To create a new encapsulation of a data type for use by libpfasst, the user must provide the analog of the routines in src/encap.f90. First, routines to create and destroy the data type (both a single copy and an array) must be provided. The rhs of the following block defines the names of these user supplied routines
!> Type to create and destroy the arrays
type, extends(pf_factory_t) :: scalar_factory
contains
procedure :: create_single => scalar_create_single
procedure :: create_array => scalar_create_array
procedure :: destroy_single => scalar_destroy_single
procedure :: destroy_array => scalar_destroy_array
end type scalar_factory
Second, the data type must be defined, and here it is simply a scalar
!> Type to extend the abstract encap and set procedure pointers
type, extends(pf_encap_t) :: scalar_encap
real(pfdp) :: y ! The scalar value
Finally, seven routines that act on the data type must be provided.
procedure :: setval => scalar_setval
procedure :: copy => scalar_copy
procedure :: norm => scalar_norm
procedure :: pack => scalar_pack
procedure :: unpack => scalar_unpack
procedure :: axpy => scalar_axpy
procedure :: eprint => scalar_eprint
The rhs of these statements defines the names of the user supplied subroutines. The reader can see the actual subroutines in the remainder of src/encap.f90 (they are all quite trivial).
Advection Diffusion Example¶
For a more complicated example, see the Example in test/adv_diff_fft included in libpfasst for a simple PDE application of libpfasst.

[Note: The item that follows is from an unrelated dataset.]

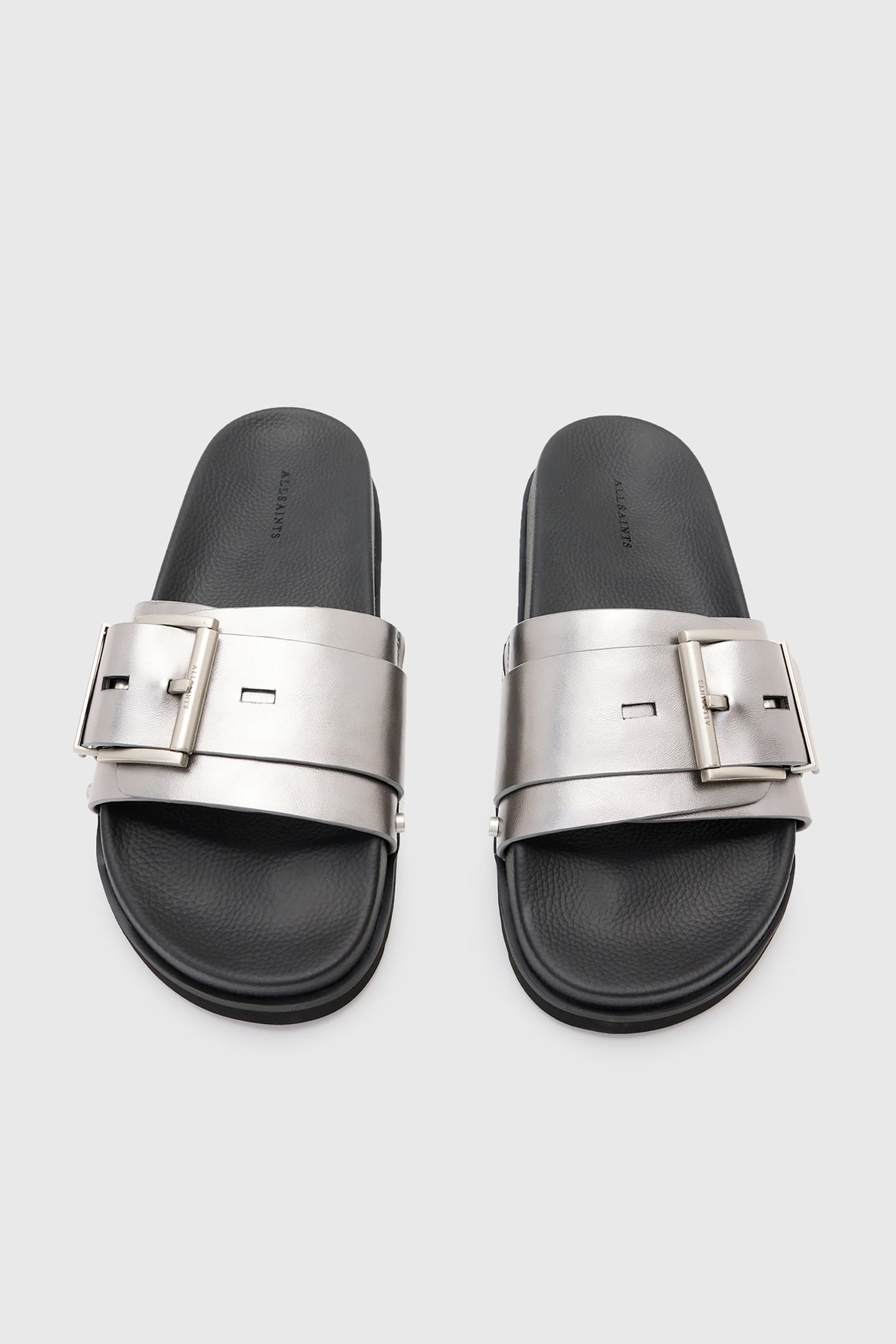 ELLIE STUD SLIDER GUNMETAL GREY 2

This example solves a 1d linear advection diffusion equation
This PDE is set up to be solved in a way that is very similar to the EX1_Dahlquist example. This right hand side of the equation will be split into stiff terms handled implicitly (\(\nu u_{xx}\)) and non-stiff terms handled explicitly (\(-v u_x\)), and an IMEX SDC substepper will be used to evolve the equation through time.
The evaluation of the two rhs terms and the solution of implicit equation (feval and fcomp) are both done in spectral space using the FFT.
The routines to spatially interpolate and restrict solutions are in src/feval.f90. It is assumed that the refinement ratio in space is always 2. Restriction is pointwise, and interpolation is done in spectral space again with the FFT.
Steps to build your own example¶
The difficulting of using libpfasst to build a time parallelization scheme for a new application depends in large part on how different the application is to existing examples. The key components of any example are
- The data encapsulation type
- The function evaluations
- The sweeper type
- The interpolation and restriction operators
In the simplest scenario, only the function evaluations would need to be changed. This would be the case for example if the included ndarray data type is used along with one of the sweepers included in libpfasst and no interpolation and restriction is used.